Thursday, June 19, 2008

water? on mars?

The Phoenix Mars mission is reporting that they've found conclusive evidence for water on Mars.

Their evidence? Watching the alleged chunks of ice disappear over four days.

"It must be ice," said Phoenix Principal Investigator Peter Smith of the University of Arizona, Tucson. "These little clumps completely disappearing over the course of a few days, that is perfect evidence that it's ice. There had been some question whether the bright material was salt. Salt can't do that."
Um, seriously? That's it? There's nothing else on there that could characterize water a little more spectroscopically? They went and equipped the darn thing with a twitter account but couldn't include an IR spectrometer?

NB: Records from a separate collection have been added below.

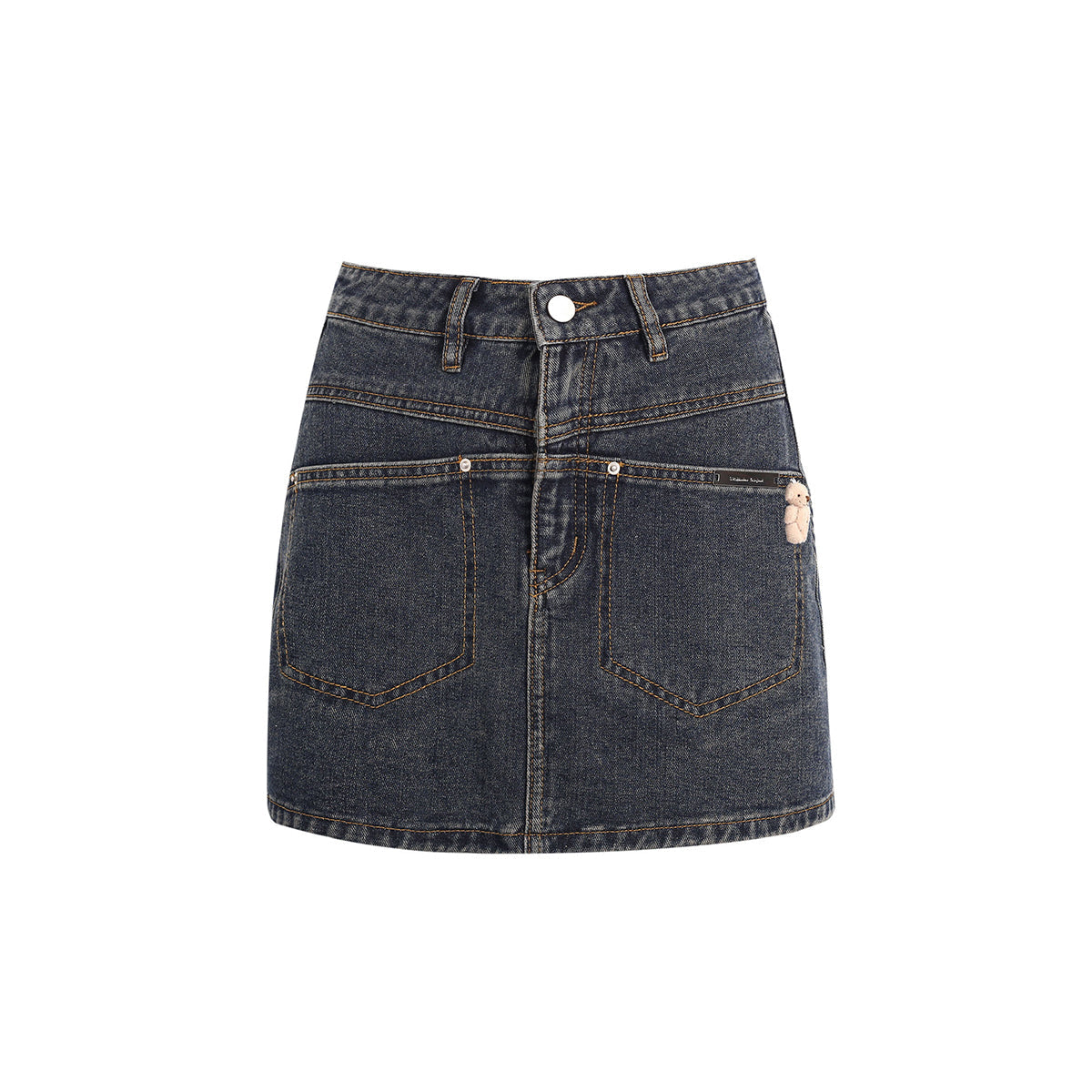 Wildshadow Teddy Bear Pocket Washed Denim Skirt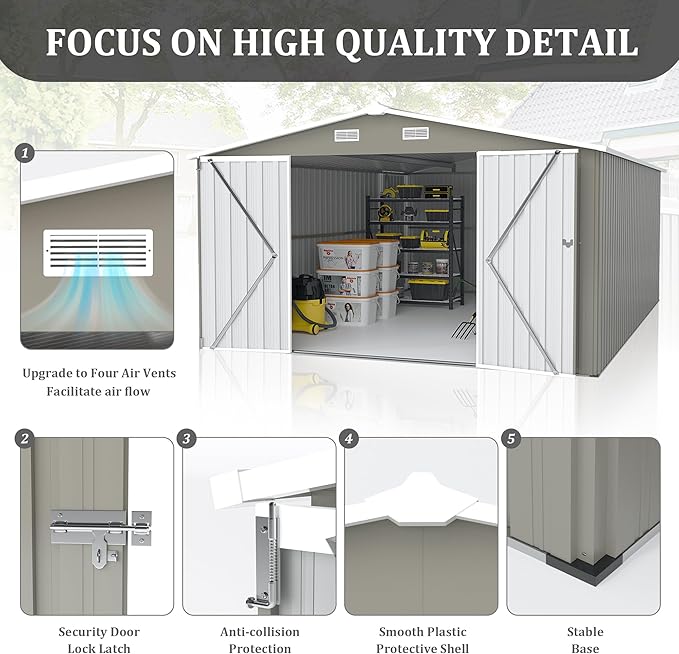 10x14 FT Outdoor Storage Shed, Large Metal Garden Shed with Side Door, Outside Tool Sheds with 3 Lockable Hinged Doors, Waterproof Storage Building with 4 Air Vents for Backyard, Patio, Light Gray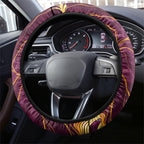 Brisbane Broncos Steering Wheel Cover Gold Marble Pattern With Vibrant Topography Lines
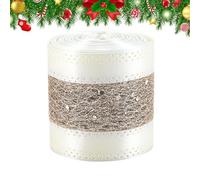 Generico Nastro Natalizio - Fascia Decorativa Natalizia da 198 Cm,Nastro per Ghirlande di Colore Champagne | per L'Incarto dei Regali La Decorazione 'Albero I Fiocchi Le Ghirlande E I Mazzi di Fiori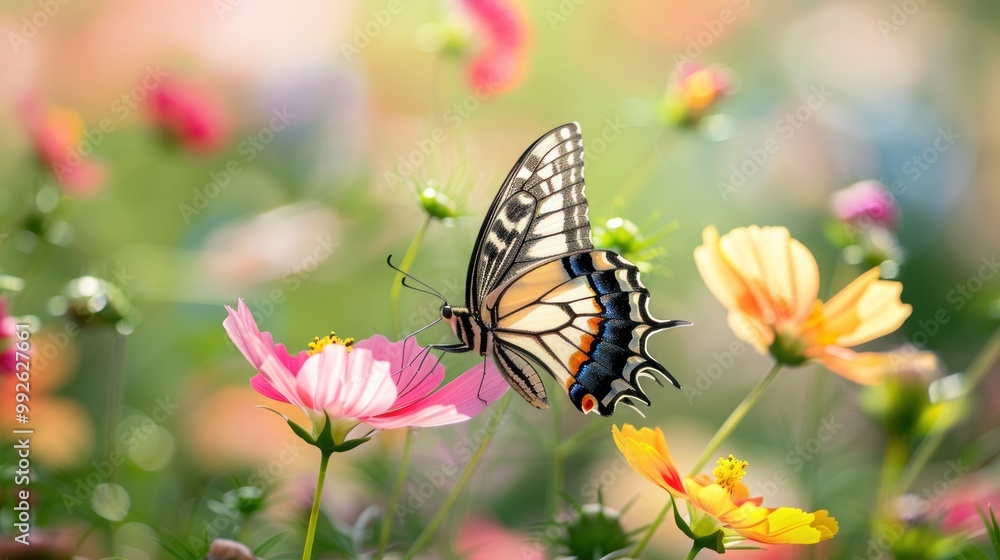 A butterfly landing on a spring flower A butterfly landing on a spring flower
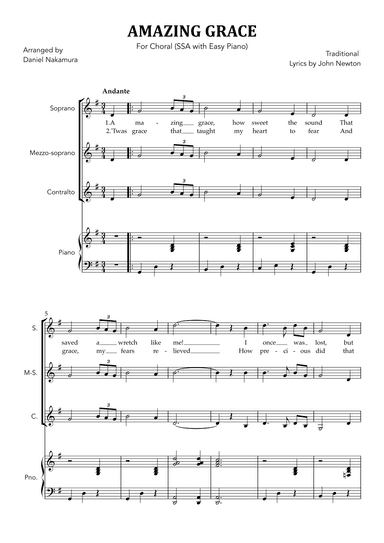 Amazing Grace (for Choral - SSA with Easy Piano) (arr. Daniel Nakamura)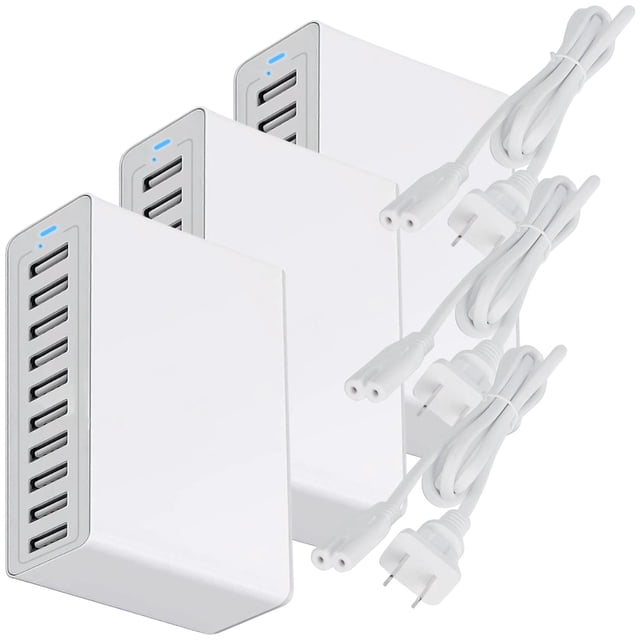 Cargadores USB Multipuertos VentDepot ChargerFastWhite 3Pzas 10 Puertos USB 100-240V 50-60Hz 5V 10A Max Blanco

Who's running this thing, anyways? Sounds like they could use a chemist or two.


katiedid said...

I read on one of their updates that the column on one of their pieces of equipment got clogged with dirt. So, I think there's some sort of spectroscopy equipment, it just maybe wasn't tested enough before it left here...

Joel Kelly said...

Also, it is possible that under the atomospheric conditions, water could be the only reasonable answer to something sublimating. CO2 and methane might not want to exist as a solid at those temperatures and pressures.

I have, however, made several annoucements to my labmates announcing that I've found water ice ALL OVER THE LAB! press releases shortly.